Exactly as written, return every line of the data below apart from the pictures.

════════

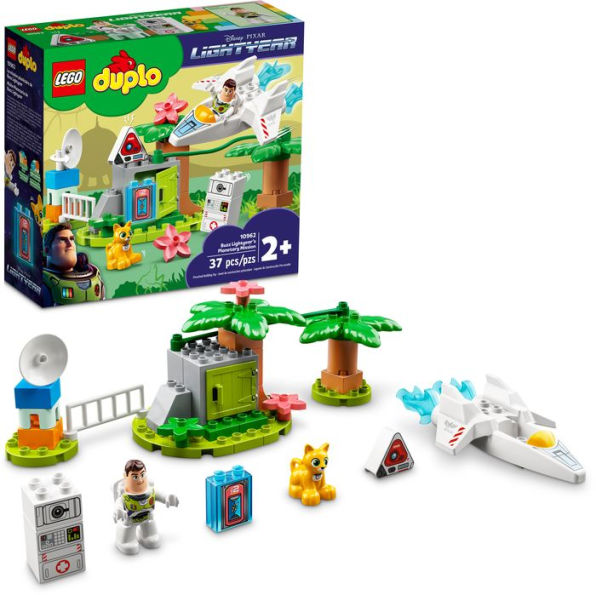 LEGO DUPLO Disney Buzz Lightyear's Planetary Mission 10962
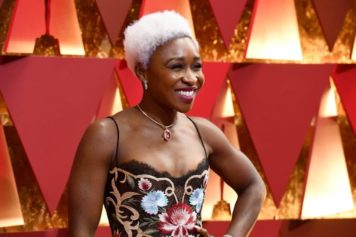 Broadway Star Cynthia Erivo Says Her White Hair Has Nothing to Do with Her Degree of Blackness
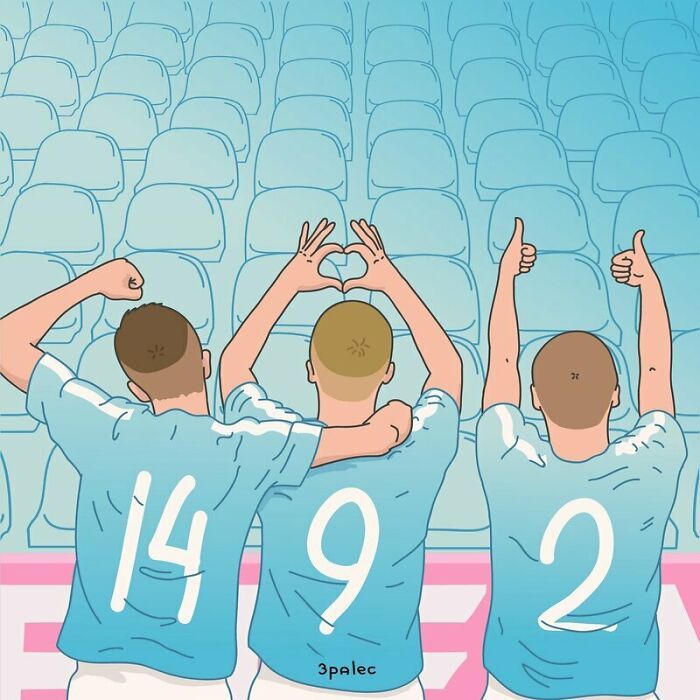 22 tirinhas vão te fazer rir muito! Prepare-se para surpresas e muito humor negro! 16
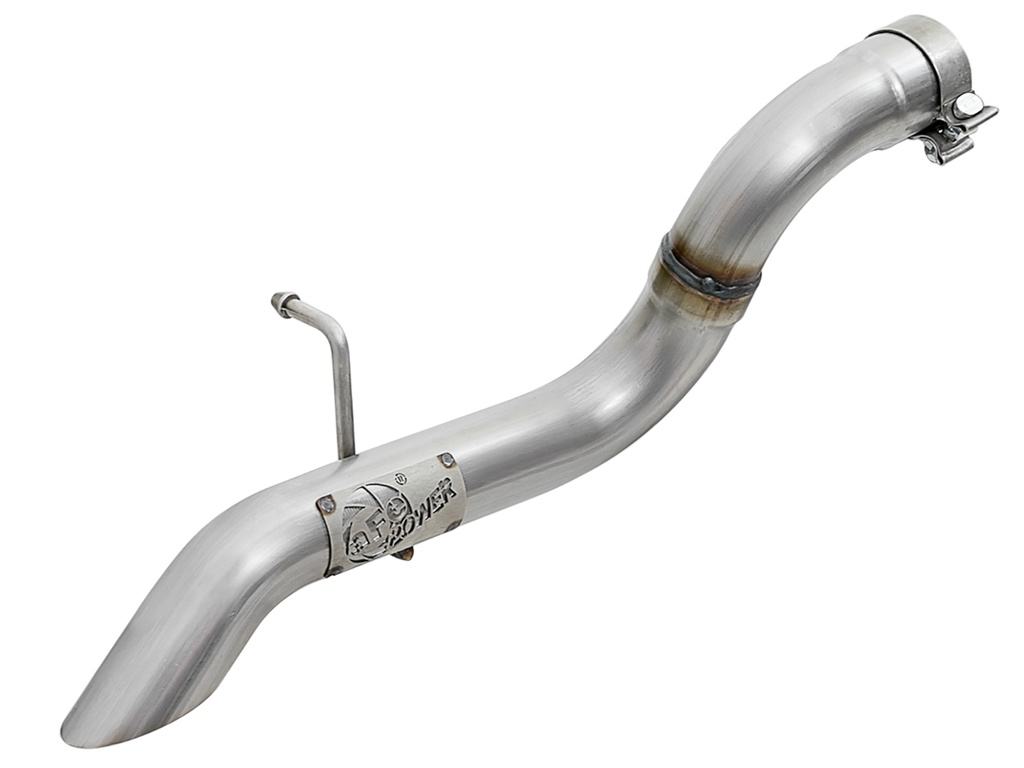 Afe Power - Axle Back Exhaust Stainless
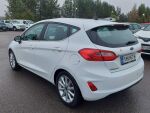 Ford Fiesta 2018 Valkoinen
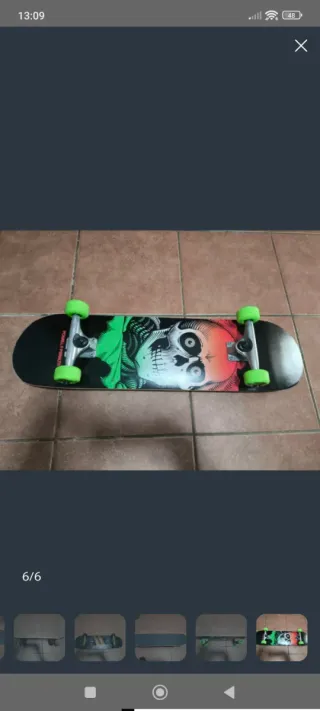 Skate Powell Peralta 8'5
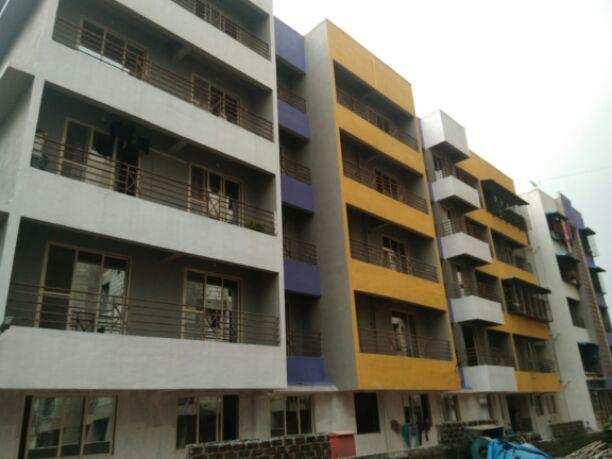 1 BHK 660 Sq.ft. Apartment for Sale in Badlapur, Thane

════════

• _Final answer_:
 LEGO DUPLO Disney Buzz Lightyear's Planetary Mission 10962
 Broadway Star Cynthia Erivo Says Her White Hair Has Nothing to Do with Her Degree of Blackness
 22 tirinhas vão te fazer rir muito! Prepare-se para surpresas e muito humor negro! 16
 Afe Power - Axle Back Exhaust Stainless
 Ford Fiesta 2018 Valkoinen
 Skate Powell Peralta 8'5
 1 BHK 660 Sq.ft. Apartment for Sale in Badlapur, Thane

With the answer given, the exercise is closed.